Comparing Bandit Algorithms
$\renewcommand{\hat}[1]{\widehat{#1}}$
Multi Armed Bandit Simulations
In making a choice of action (i.e. what content to post to a page, what drug to give a patient, what weight to give an asset in a portfolio) there is a tradeoff between exploring our choices in order to better understand their outcomes, or exploiting the action that has led to the best outcomes in the past. Multi-armed bandit algorithms choose actions and attempt to balance exploitation and exploration in order to maximise a target metric. They are commonly applied in marketing, finance, conversion rate optimisation and clinical trials.

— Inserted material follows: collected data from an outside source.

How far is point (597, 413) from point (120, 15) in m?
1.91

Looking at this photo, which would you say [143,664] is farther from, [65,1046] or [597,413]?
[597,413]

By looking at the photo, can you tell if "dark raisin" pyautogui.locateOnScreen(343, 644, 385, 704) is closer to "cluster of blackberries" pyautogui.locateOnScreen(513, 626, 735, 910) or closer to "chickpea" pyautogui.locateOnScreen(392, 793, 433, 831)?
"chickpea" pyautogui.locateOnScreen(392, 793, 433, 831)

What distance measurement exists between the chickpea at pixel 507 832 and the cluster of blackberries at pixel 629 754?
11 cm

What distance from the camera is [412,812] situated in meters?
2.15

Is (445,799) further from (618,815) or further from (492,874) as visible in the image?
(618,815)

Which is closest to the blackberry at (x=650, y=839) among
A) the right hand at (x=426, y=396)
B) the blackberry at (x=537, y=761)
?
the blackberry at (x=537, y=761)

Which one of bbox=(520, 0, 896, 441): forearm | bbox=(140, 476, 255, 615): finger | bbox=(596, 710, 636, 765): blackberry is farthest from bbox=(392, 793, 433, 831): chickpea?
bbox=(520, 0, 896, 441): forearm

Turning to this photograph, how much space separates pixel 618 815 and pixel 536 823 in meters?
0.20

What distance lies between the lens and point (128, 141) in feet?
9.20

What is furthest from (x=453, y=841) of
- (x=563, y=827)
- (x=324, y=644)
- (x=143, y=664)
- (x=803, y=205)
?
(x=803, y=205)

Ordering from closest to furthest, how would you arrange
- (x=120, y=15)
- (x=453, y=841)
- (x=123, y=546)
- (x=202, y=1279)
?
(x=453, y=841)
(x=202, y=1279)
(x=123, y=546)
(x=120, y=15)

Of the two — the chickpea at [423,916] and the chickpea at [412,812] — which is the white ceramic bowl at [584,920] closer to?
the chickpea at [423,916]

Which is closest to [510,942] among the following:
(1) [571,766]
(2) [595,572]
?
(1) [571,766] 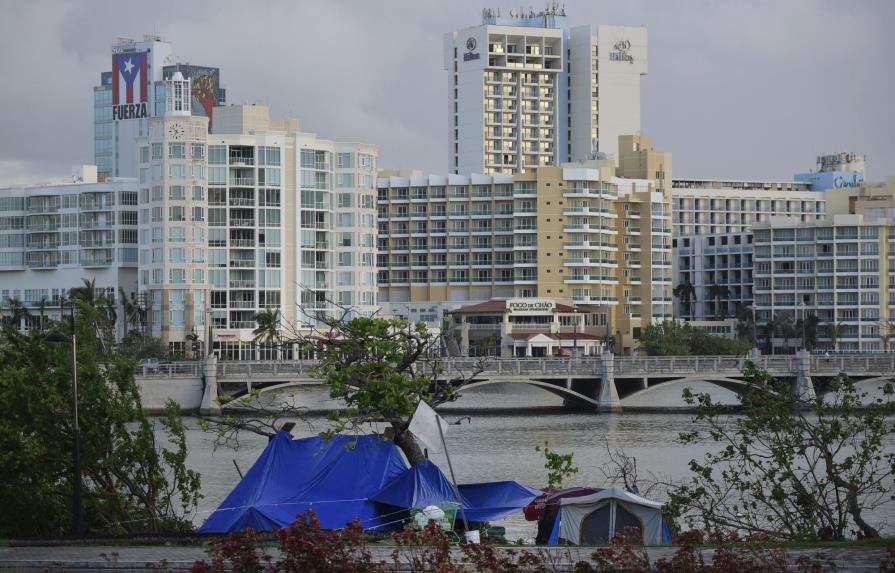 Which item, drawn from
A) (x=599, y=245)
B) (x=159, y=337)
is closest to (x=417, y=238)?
(x=599, y=245)

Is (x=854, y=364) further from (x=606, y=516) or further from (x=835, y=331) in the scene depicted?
(x=835, y=331)

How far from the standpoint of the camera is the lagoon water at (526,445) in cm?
5959

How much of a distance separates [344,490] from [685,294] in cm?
15915

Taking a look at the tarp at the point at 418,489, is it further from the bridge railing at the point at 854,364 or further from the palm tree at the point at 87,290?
the palm tree at the point at 87,290

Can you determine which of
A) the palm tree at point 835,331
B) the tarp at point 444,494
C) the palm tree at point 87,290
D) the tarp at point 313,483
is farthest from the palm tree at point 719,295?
the tarp at point 313,483

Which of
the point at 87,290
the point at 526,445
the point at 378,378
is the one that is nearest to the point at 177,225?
the point at 87,290

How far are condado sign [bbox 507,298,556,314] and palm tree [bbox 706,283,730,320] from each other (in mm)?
38580

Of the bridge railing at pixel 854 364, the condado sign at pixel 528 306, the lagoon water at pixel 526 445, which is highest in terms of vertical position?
the condado sign at pixel 528 306

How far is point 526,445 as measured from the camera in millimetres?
73125

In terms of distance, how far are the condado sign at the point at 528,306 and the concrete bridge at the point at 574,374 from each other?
2349 inches

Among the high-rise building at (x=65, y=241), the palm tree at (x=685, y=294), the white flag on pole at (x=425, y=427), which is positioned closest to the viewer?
the white flag on pole at (x=425, y=427)

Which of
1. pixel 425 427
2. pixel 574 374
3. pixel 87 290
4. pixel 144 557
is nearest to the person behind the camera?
pixel 144 557

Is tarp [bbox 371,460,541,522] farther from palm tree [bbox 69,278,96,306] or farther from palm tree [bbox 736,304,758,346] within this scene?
palm tree [bbox 736,304,758,346]

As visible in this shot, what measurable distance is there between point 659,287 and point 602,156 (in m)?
16.4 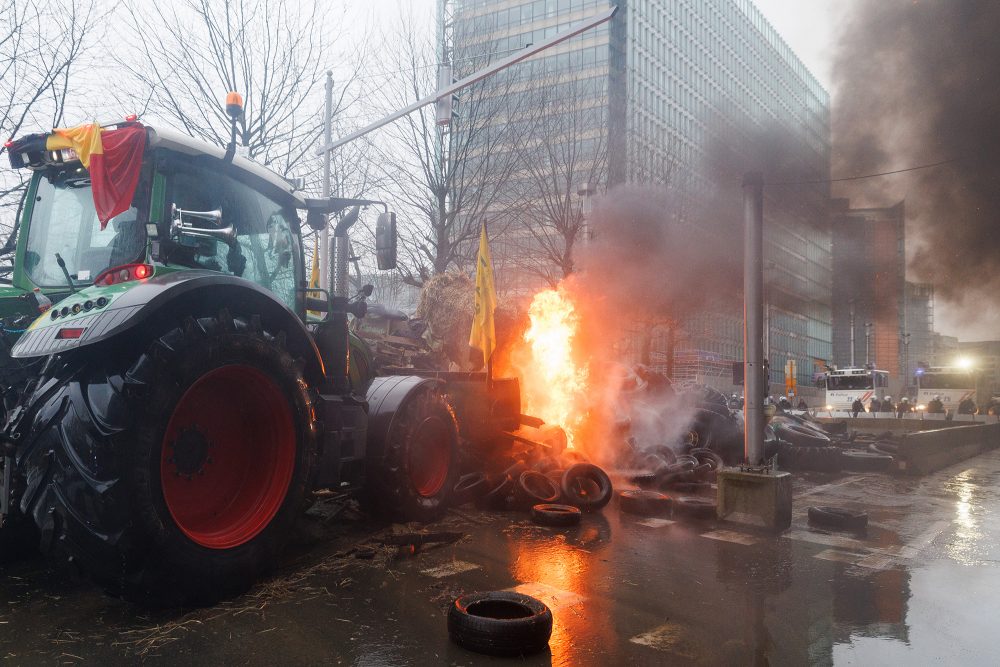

In this notebook I compare simulations from two popular bandit algorithms - Thompson sampling, which is based on the Bayesian update to a binomial mean from a beta prior, and the Upper Confidence Bound algorithm, which uses Hoeffding’s inequality to bound the mean.
The algorithms are based on Alex Slivkins’ excellent lecture notes Advanced Topics in Theory of Computing: Bandits, Experts, and Games
My bandit algorithms, reward and some utility functions are packaged in the bandits
module imported below. The software lives in my Github. The algorithms are found in the bandit algorithm classes file.
I simulated bandits with a time horizon $T$ of 10,000. Each bandit was simulated 500 times. Giving me 1,000 observations at each T for both UCB and Thompson sampling. The bandits sampled from 2 arms, both returned Bernoulli rewards with p = 0.2 and p = 0.3. We want to know how our algorithm performs, on average, relative to the best performance. This is known as regret and is defined as \(R = \Sigma_{i=1}^{T}\left[\mu(a^*) - \mu(a_t)\right]\)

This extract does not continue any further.